Billy Corgan thought he was done with the Smashing Pumpkins. Sure he’d continued on as the mainstay as the ’90s Chicago-rooted grunge rockers went through a revolving lineup, but after 2014’s Monuments to an Elegy, the frontman says he’d grown weary using the Pumpkins moniker.

“I think I had worn the idea out in my own mind,” Corgan says in a phone interview.

The 51-year-old released 2017’s Ogilala under the name “William Patrick Corgan,” but in the process of recording he found himself reunited with guitarist James Iha, with whom he had co-founded the Pumpkins 30 years ago.

Iha, along with bassist D’Arcy Wretzky, left the Pumpkins after 2000’s Machina II/The Friends & Enemies of Modern Music. The band dissolved shortly afterwards before Corgan revived the Pumpkins in 2007 with a new lineup.

“There was so much acrimony over the years, but when James and I were able to mend that bridge and get to a place where we could sit down and have a meal and talk, the idea of playing together again grew out of reconnecting as friends. We never went in thinking we’d repair the relationship so we could start playing music. It had nothing to do with it. It grew naturally out of making peace and it was long overdue.”

Iha and Corgan, joined by original drummer Jimmy Chamberlin and longtime guitarist Jeff Schroeder, got together to record one song with legendary producer Rick Rubin, and before they knew it they had enough songs for a full-length album that rekindles the band’s classic sound — Shiny and Oh So Bright, Vol. 1.

“What I really like about the new LP is it has a way of touching on where we came from, but we’re not trying to recreate anything and I’m very proud of that.”


A follow-up LP will be released next year, and Corgan says this second coming of the Pumpkins is one that is built to last.

“We’re already making plans,” Corgan says with a laugh.

On a break from rehearsals for an upcoming string of U.S. dates, Corgan rang up from Chicago to speak about the band’s past, mending fences and staying true to himself.

This is only a partial reunion. Why did D’Arcy opt not to come back?


We tried to inklude her, and it just didn’t work out. As far as I’m concerned, we gave her the option to be involved and she chose not to be and that’s that. That part of the story is done.

What was it that made you not want to continue as Smashing Pumpkins the way you had been for the past decade or so?


I always felt good about the music. But I think I grew weary over time of shouldering the burden of the band on my own. We live in a social society where perception and judgement is part and parcel of how people operate. That led to me releasing music as a solo musician.
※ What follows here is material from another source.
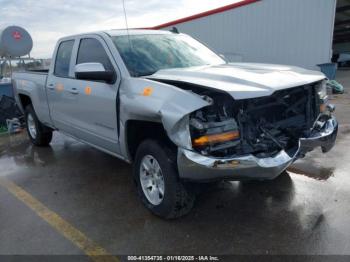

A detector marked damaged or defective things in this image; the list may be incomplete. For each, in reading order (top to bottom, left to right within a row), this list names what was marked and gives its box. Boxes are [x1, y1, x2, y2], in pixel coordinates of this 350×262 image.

I had given up on the Smashing Pumpkins because the weight of it was just heavier than I was willing to take on. It wasn’t a bitter thing, it was more, “I did my best and things happen and it is what is.” James and I mending our relationship opened the door to something that I thought was closed.

Was it easy to recapture that magic between you and James?


So much about the way I think about music was influenced by James and his thoughts and his ideas. Being back in his good graces was easy and it was fun.

Did you worry that there might not have been musical sparks between you all again after so many years apart?


We never lacked confidence in what we do musically. This was as easy a situation as it gets. We had a great producer, Rick Rubin, and we had three of the original four progenitors of the band in the room.

The Pumpkins achieved tremendous success in the early ‘90s with Gish and then Siamese Dream and Mellon Collie and the Infinite Sadness. Did you have people in the music business trying to change you as you gained fame?

There’s no shortage of advice in the music business. As one music exec once told me, “It’s called the music business for a reason.” That’s a quote by the way. When you create something that is at its heart anarchic and it succeeds it’s pretty interesting who tries to tell you if you tone down the anarchy 2% you’ll see a greater yield in your harvest. You learn over time that the bean counters are wrong. The greats that I idolize refused to let anybody from their friends to their bandmates to their wife tell them how they should do their thing. That’s the one thing I’ve learned. We’re here because we still truly represent something that’s pretty rare, and that’s why I don’t have a problem if people don’t like what we do because to me that’s like saying, “I don’t like that restaurant.” That’s cool. Just go to another restaurant.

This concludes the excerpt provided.